***** PROVIDED MATERIAL

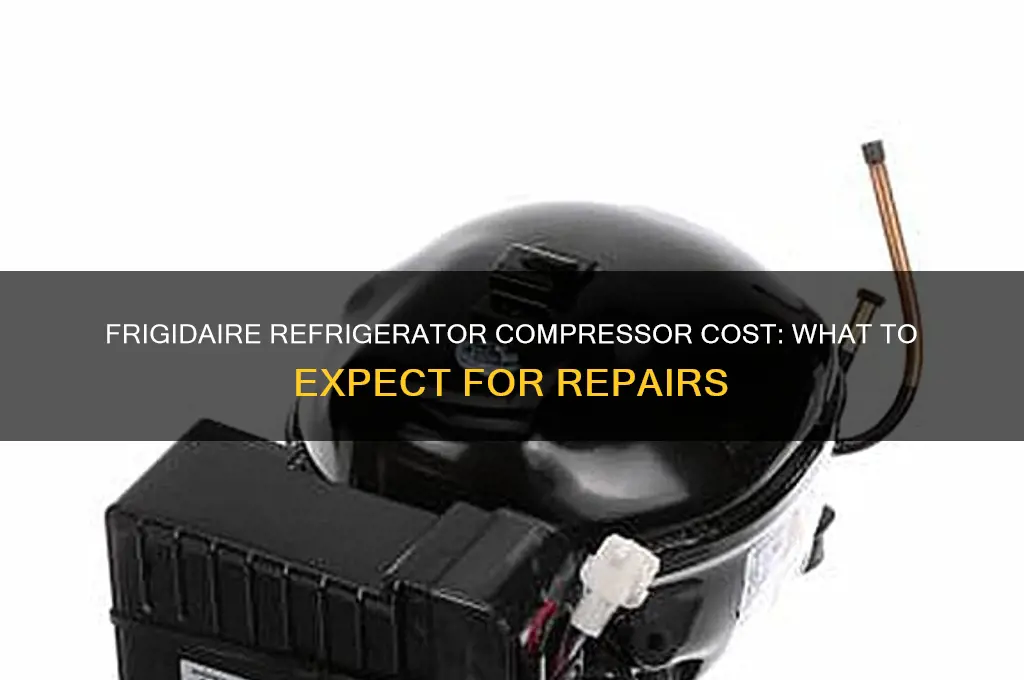 how much is a compressor for a frigidaire refrigerator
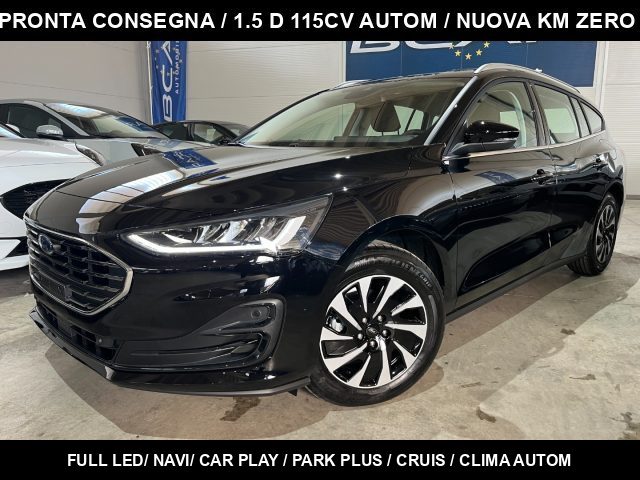 Ford Focus 1.5D 115CV aut. SW Titanium Edition PARK/NAVIG/LED km 0 a SAVIGLIANO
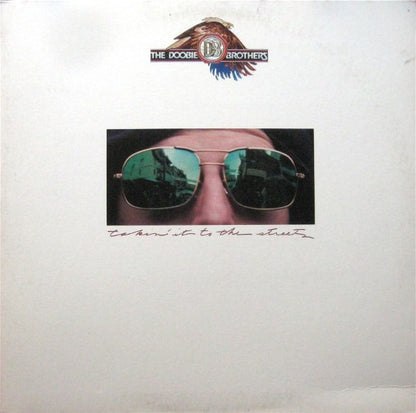 The Doobie Brothers : Takin' It To The Streets (LP, Album, Win)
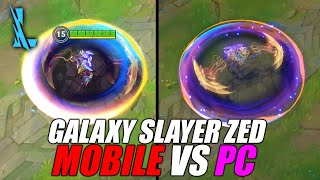 Wild Rift - Galaxy Slayer Zed Mobile Vs Pc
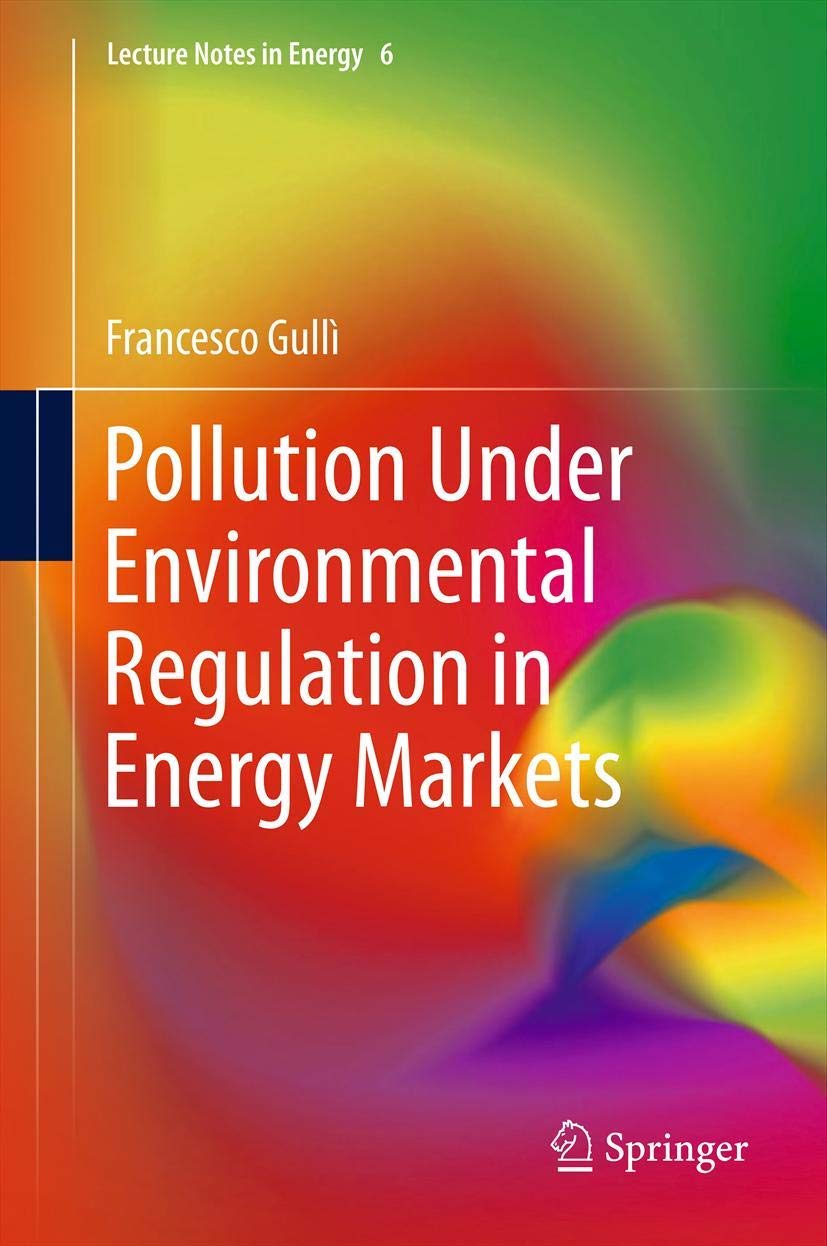 Pollution Under Environmental Regulation in Energy Markets - Lecture Notes in Energy 6 | Academic Research & Policy Analysis for Sustainable Development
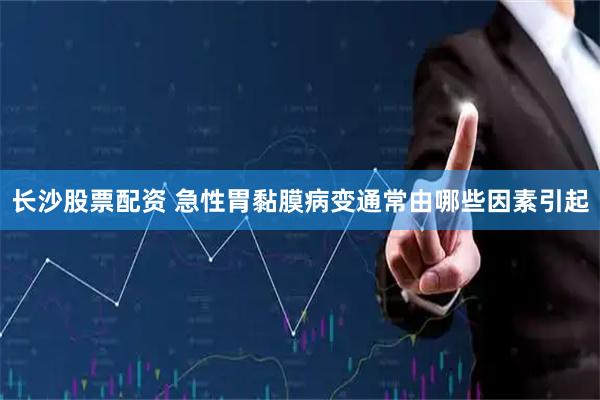 长沙股票配资 急性胃黏膜病变通常由哪些因素引起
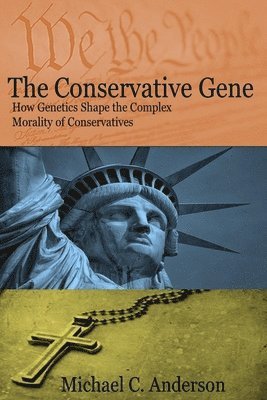 Michael C Anderson, Mary Hoekstra - The Conservative Gene: How Genetics Shape the Complex Morality of Conservatives, Häftad
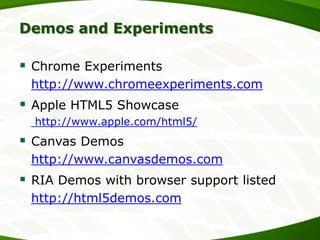 Demos and Experiments

 Chrome Experiments
http://www.chromeexperiments.com

 Apple HTML5 Showcase
http://www.apple.com/html5/

 Canvas Demos
http://www.canvasdemos.com

 RIA Demos with browser support listed
http://html5demos.com

 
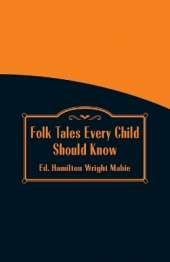 Folk Tales Every Child Should Know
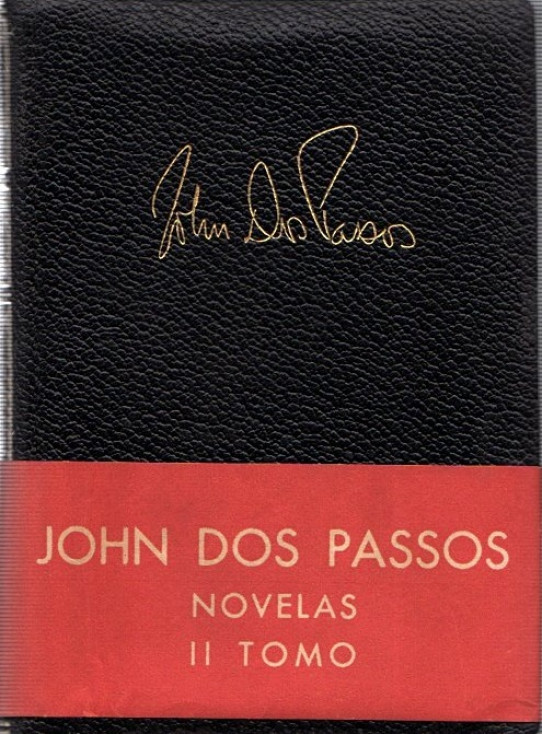 JOHN DOS PASSOS · NOVELAS Y VIAJES 3 VOL.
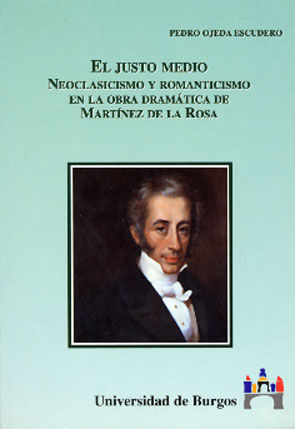 El justo medio. Romanticismo y Neoclasicismo en la obra dramática de Martinez de la Rosa, de Ojeda Escudero | portada del lib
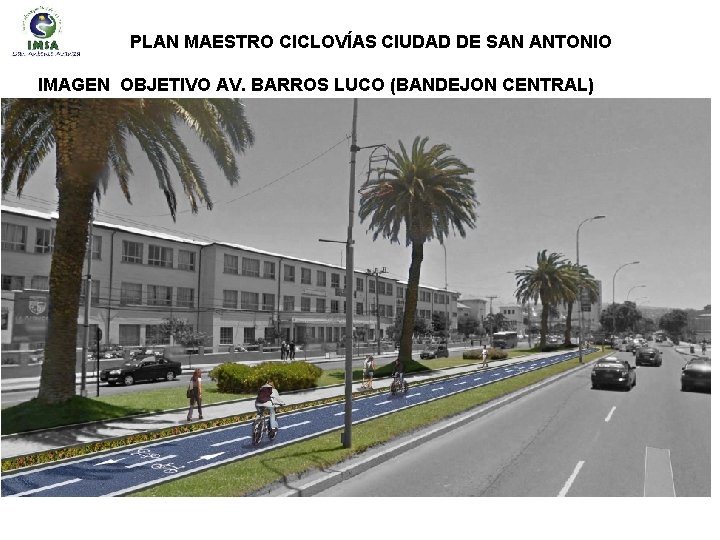 PLAN MAESTRO CICLOVÍAS CIUDAD DE SAN ANTONIO IMAGEN OBJETIVO AV. BARROS LUCO (BANDEJON CENTRAL)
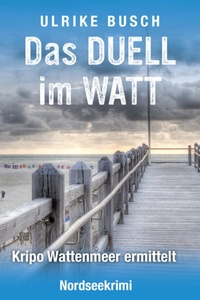 Das Duell im Watt - Kripo Wattenmeer ermittelt, Band 13 (ungekürzt)
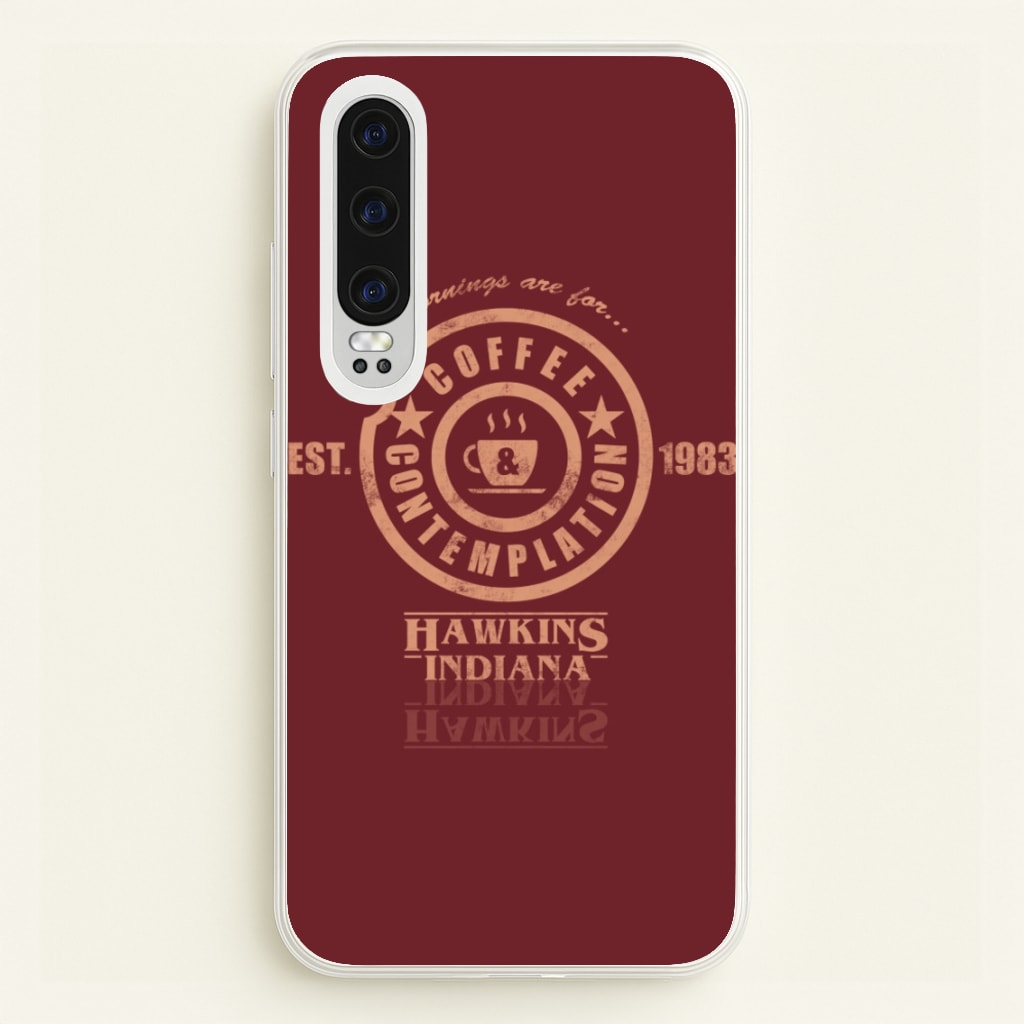 Coffee Contemplation - Stranger Things Phone Case for Huawei P30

**********

> BRIEF
Starting where a line contains "Das Duell im" and finishing at the last line above, set down every line exactly as it reads, with no pictures.

> RESULT OF THIS TASK
 Das Duell im Watt - Kripo Wattenmeer ermittelt, Band 13 (ungekürzt)
 Coffee Contemplation - Stranger Things Phone Case for Huawei P30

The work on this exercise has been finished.